LAUREN FRASER

ahwanee

I’d been there before, but not when it looked like that.

I’d felt its grandeur before, but not quite when it felt like that.

Too much has felt too out of sorts as of late. And too much of it, has felt out of my control, and I needed to reel myself back in. 

Coming from south + west, and 200+ miles away, I got a jumpstart the night before, to secure my ability to drive through the gateway to the land of the granite giants before the masses.

I woke up at 2:30 am at a Travel America, just outside of Fresno. June laying halfway on top of me. We both stretched our legs, I brushed my teeth. I folded up the backseat after I had gotten the car running, and onward we went.

I have a hard time driving in the dark at night, but for some reason when I get going really early, it doesn’t bother me so much.

Two hours later, we were seamlessly passing through the entrance, unstaffed. The familiarness of the Sierra was in abundance, + the meadows of Wawona were soon filled with lupines, and I could see some type of paintbrush in small red flashes on the banked side of the road.

Soon enough we rounded one corner of the road, and there it began. The towering granite in its various shades of gray.

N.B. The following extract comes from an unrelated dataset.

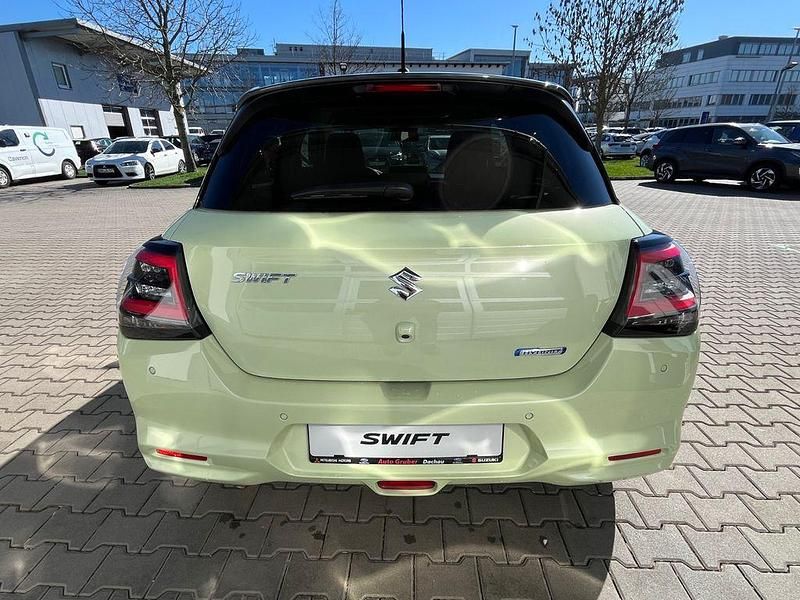 Neu Suzuki Swift Comfort+ 83 PS (61 kW) 2026 Gelb Kleinwagen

With June in tow, I would be pretty tethered to the main + paved path, but the backcountry wasn’t the reason I was there. I wanted and I needed the humbling reminder that the granite giants never fail to provide. The world is immensely vast, and that feeling of being small in the presence of said giants invokes a feeling of awe, transcending my current understanding of the world.

It didn’t take long for me to feel strong feelings of humility. On all of my lefts and all of my rights, there was water flowing. The Merced ebbed, flowed powerfully yet peacefully, as ribbons of white water moved over the tops of the rocks and gracefully slid down the striated granite.